[Given information — start]
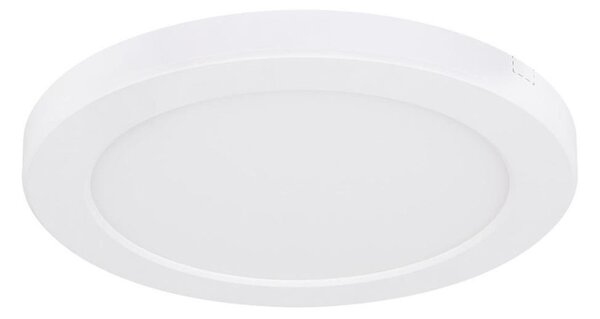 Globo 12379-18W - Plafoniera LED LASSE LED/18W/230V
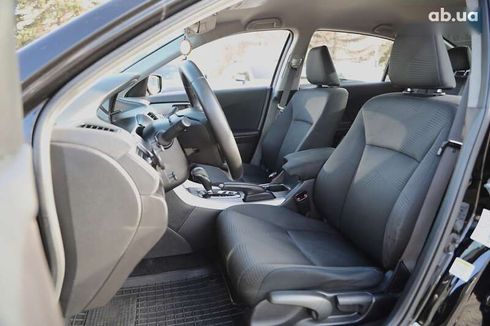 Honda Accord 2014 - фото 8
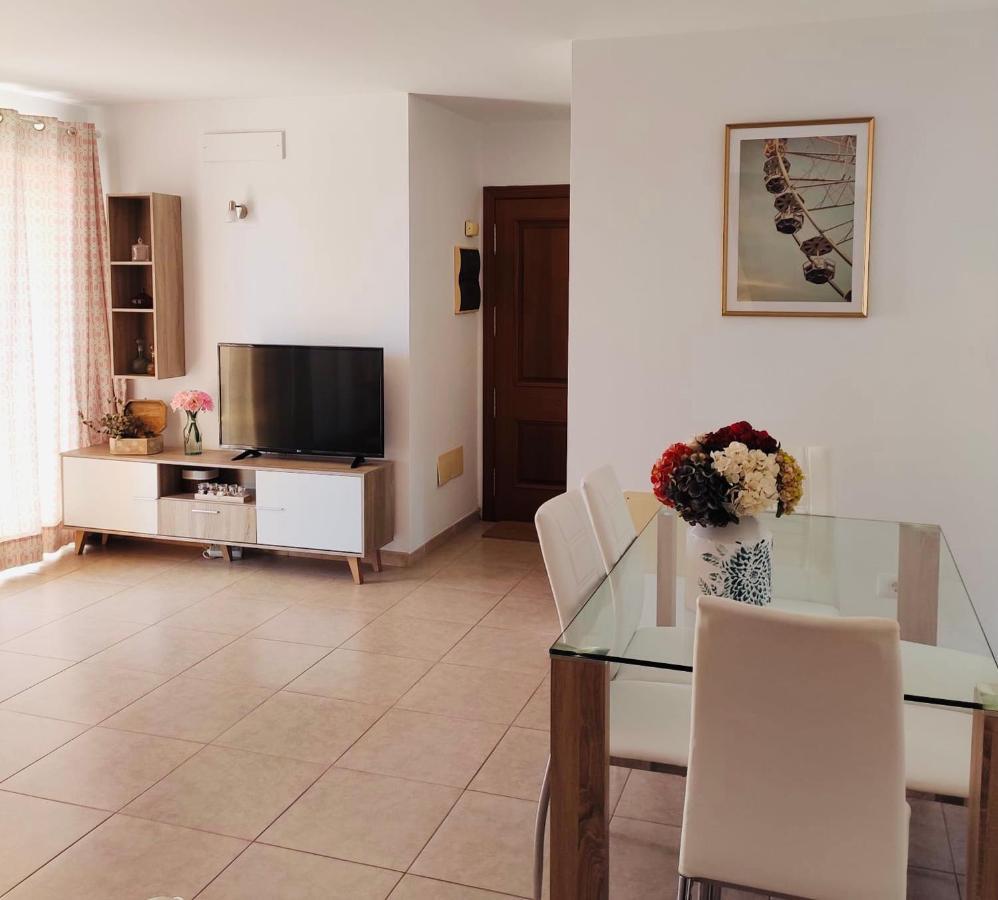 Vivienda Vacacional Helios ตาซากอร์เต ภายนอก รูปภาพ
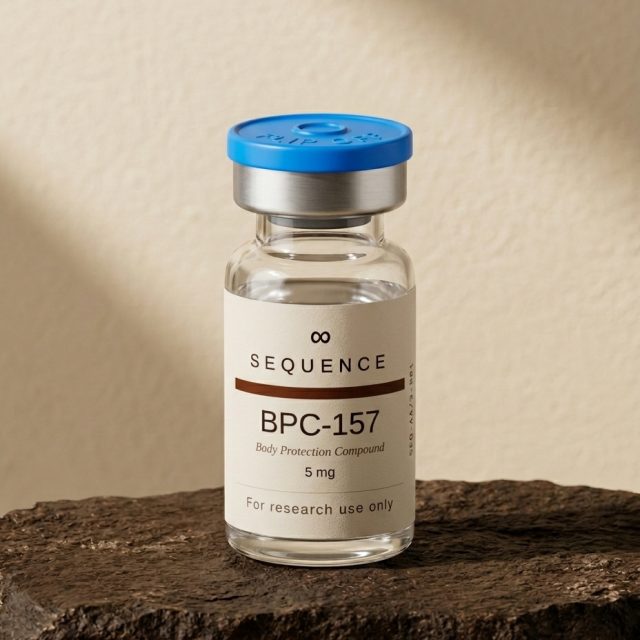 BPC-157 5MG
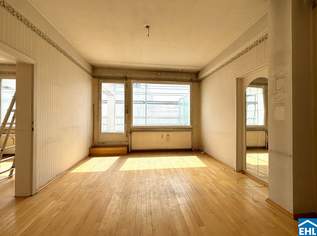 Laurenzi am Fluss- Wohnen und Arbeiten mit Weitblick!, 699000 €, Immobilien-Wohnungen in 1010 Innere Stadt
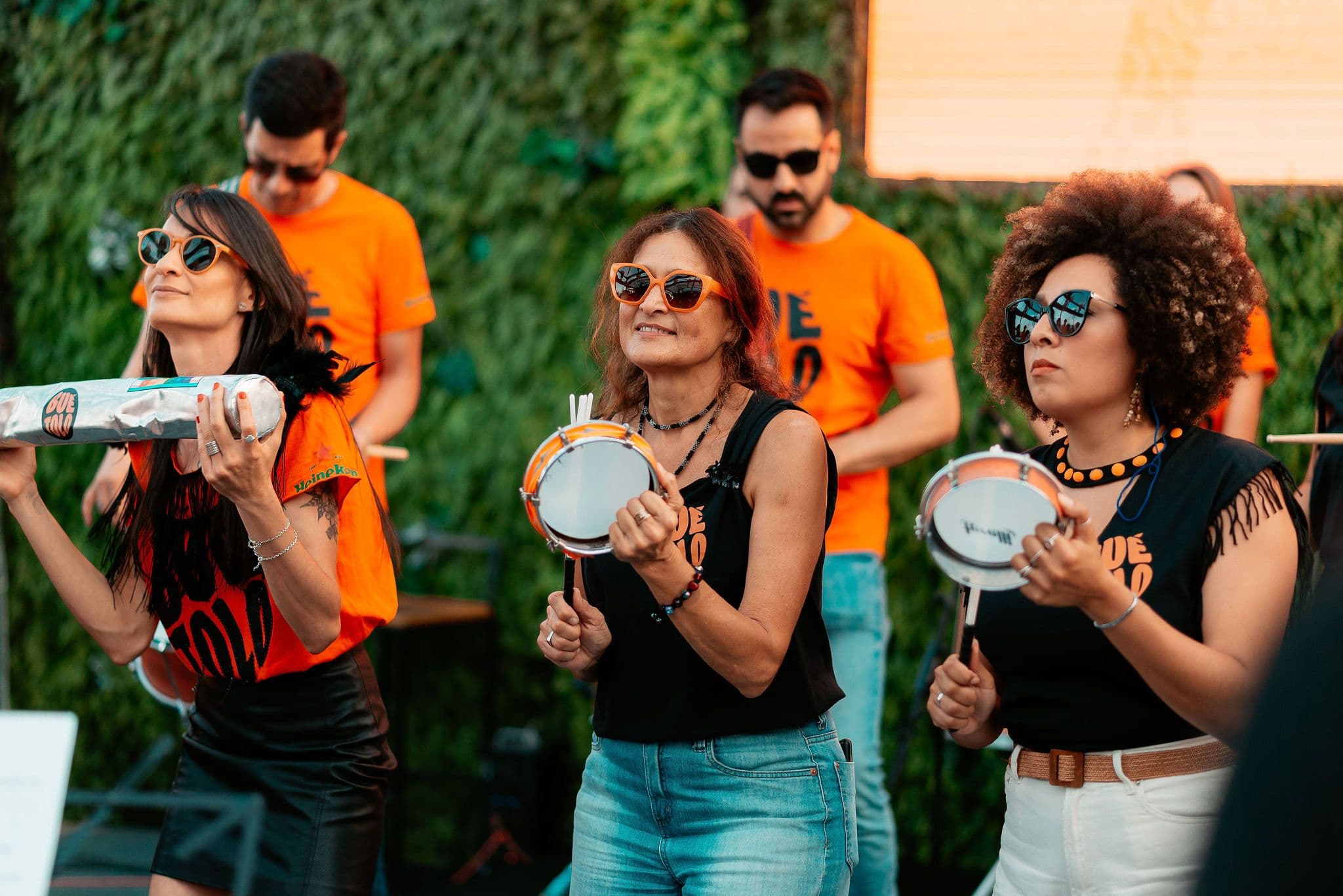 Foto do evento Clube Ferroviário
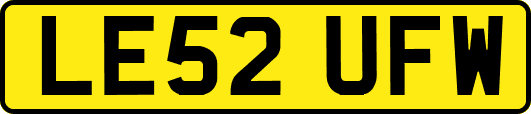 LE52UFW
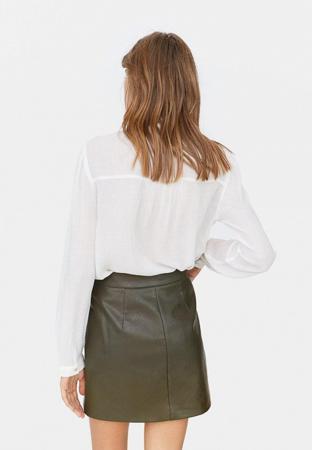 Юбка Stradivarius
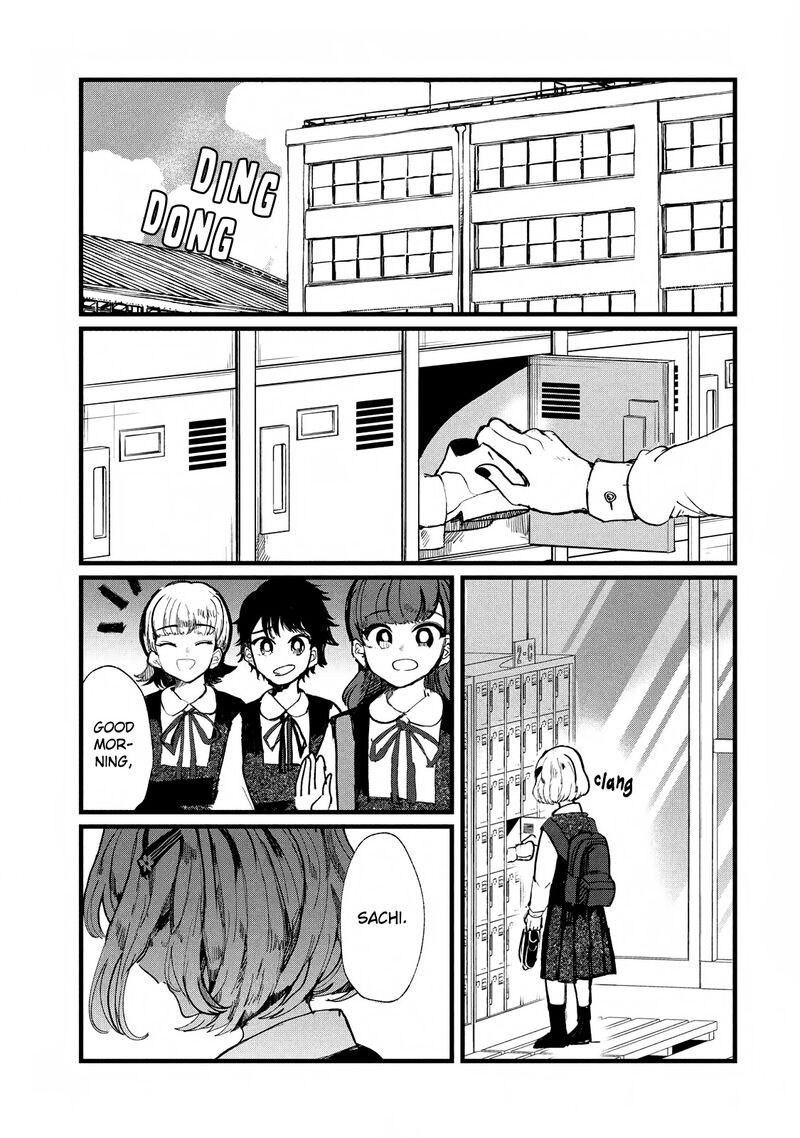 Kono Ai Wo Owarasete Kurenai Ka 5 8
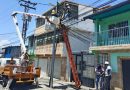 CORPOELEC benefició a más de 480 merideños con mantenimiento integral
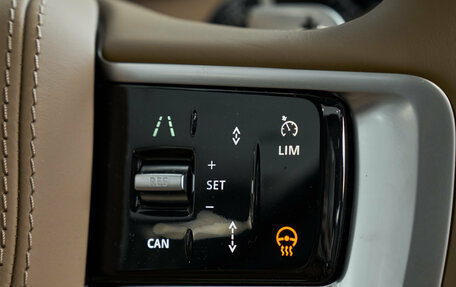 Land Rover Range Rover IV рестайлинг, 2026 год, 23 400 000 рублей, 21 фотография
[Given information — finish]
*Task objective*.
Drop the pictures, then reproduce exactly the lines from the one with "Honda Accord 2014 - фото 8" through the final line of the listing.

*Response below*.
 Honda Accord 2014 - фото 8
 Vivienda Vacacional Helios ตาซากอร์เต ภายนอก รูปภาพ
 BPC-157 5MG
 Laurenzi am Fluss- Wohnen und Arbeiten mit Weitblick!, 699000 €, Immobilien-Wohnungen in 1010 Innere Stadt
 Foto do evento Clube Ferroviário
 LE52UFW
 Юбка Stradivarius
 Kono Ai Wo Owarasete Kurenai Ka 5 8
 CORPOELEC benefició a más de 480 merideños con mantenimiento integral
 Land Rover Range Rover IV рестайлинг, 2026 год, 23 400 000 рублей, 21 фотография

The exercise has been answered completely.